• What the exercise asks: Your copy starts at the line containing "High angle view of woman swimming in sea" and ends at the last line of the material below. Reproduce those lines exactly, with no pictures.
------ Record excerpts
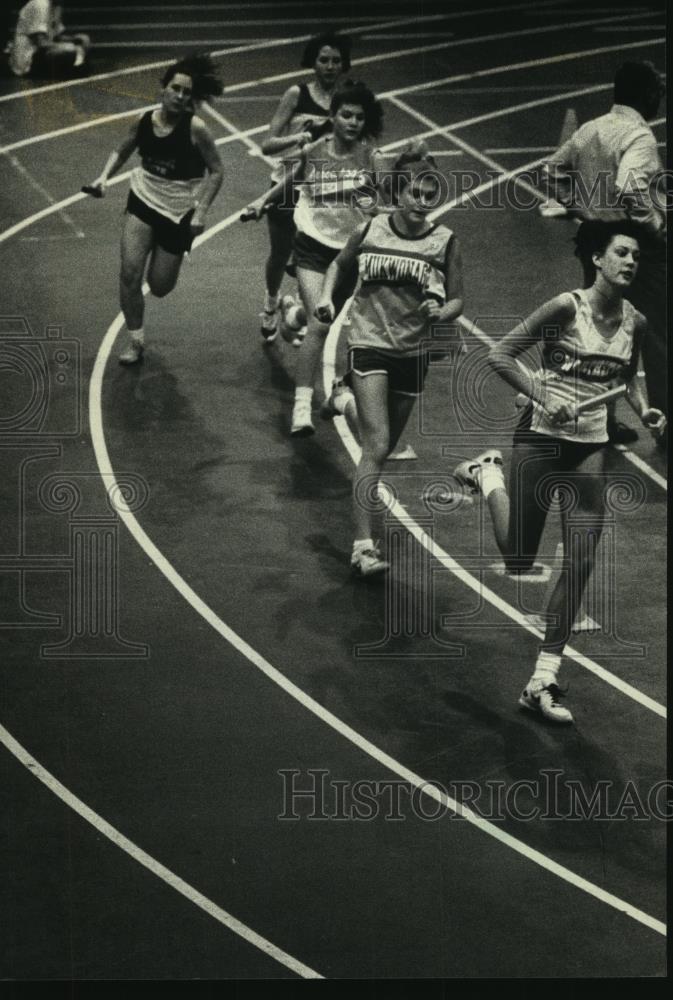 1991 Press Photo Two-mile relay runners at indoor meet at Waukesha South High - Historic Images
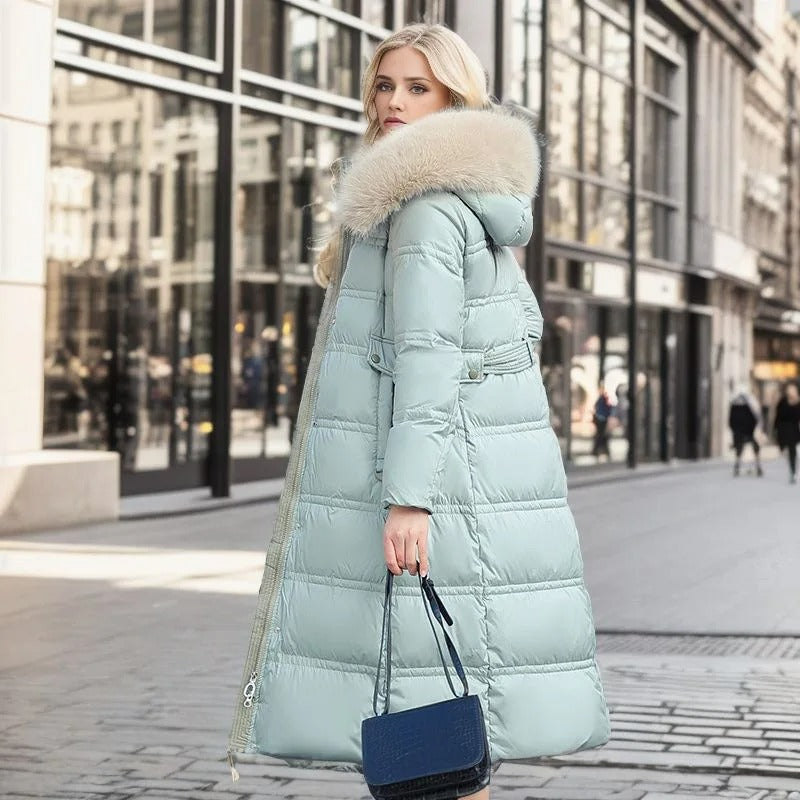 Donna con cappotto lungo imbottito azzurro, cappuccio con pelliccia, borsa blu, cammina in città. Moda invernale, abbigliamento elegante, tendenze 2023.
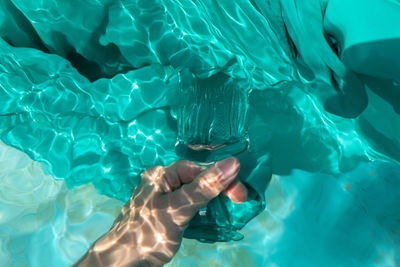 High angle view of woman swimming in sea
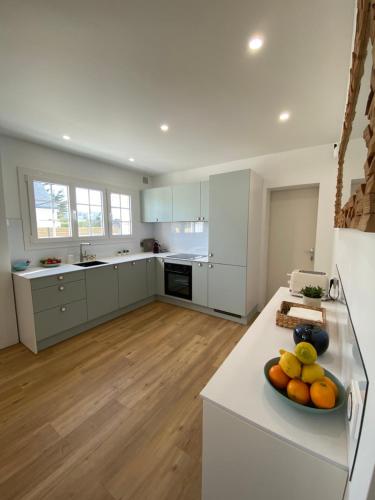 une cuisine avec des armoires blanches et un bol de fruits sur un comptoir dans l'établissement Quiberon, à Quiberon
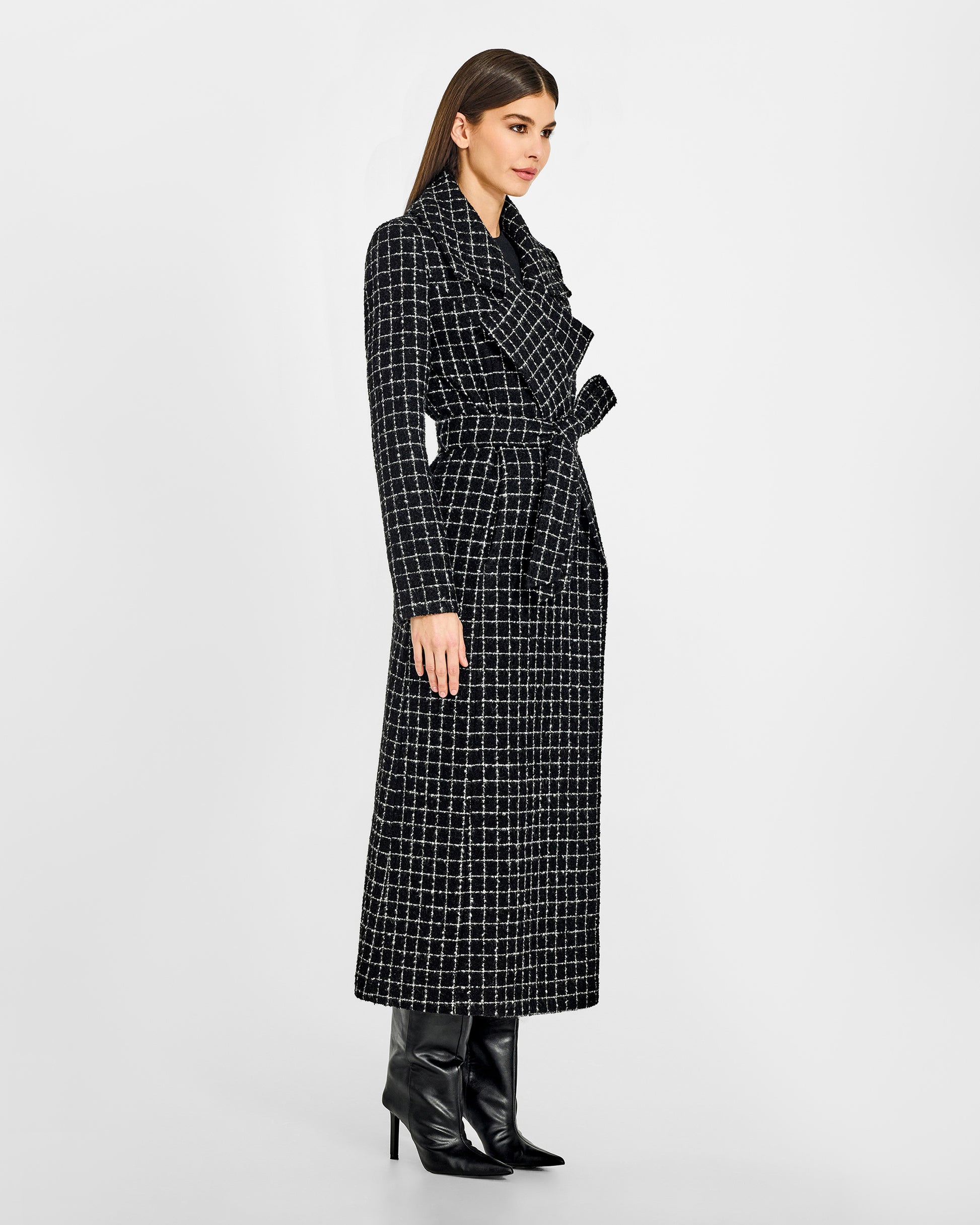 Side view of model wearing a Sentaler black check maxi coat made of tweed suri alpaca wool, with a notched collar, worn belted.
------------
• Solution to this task:
 High angle view of woman swimming in sea
 une cuisine avec des armoires blanches et un bol de fruits sur un comptoir dans l'établissement Quiberon, à Quiberon
 Side view of model wearing a Sentaler black check maxi coat made of tweed suri alpaca wool, with a notched collar, worn belted.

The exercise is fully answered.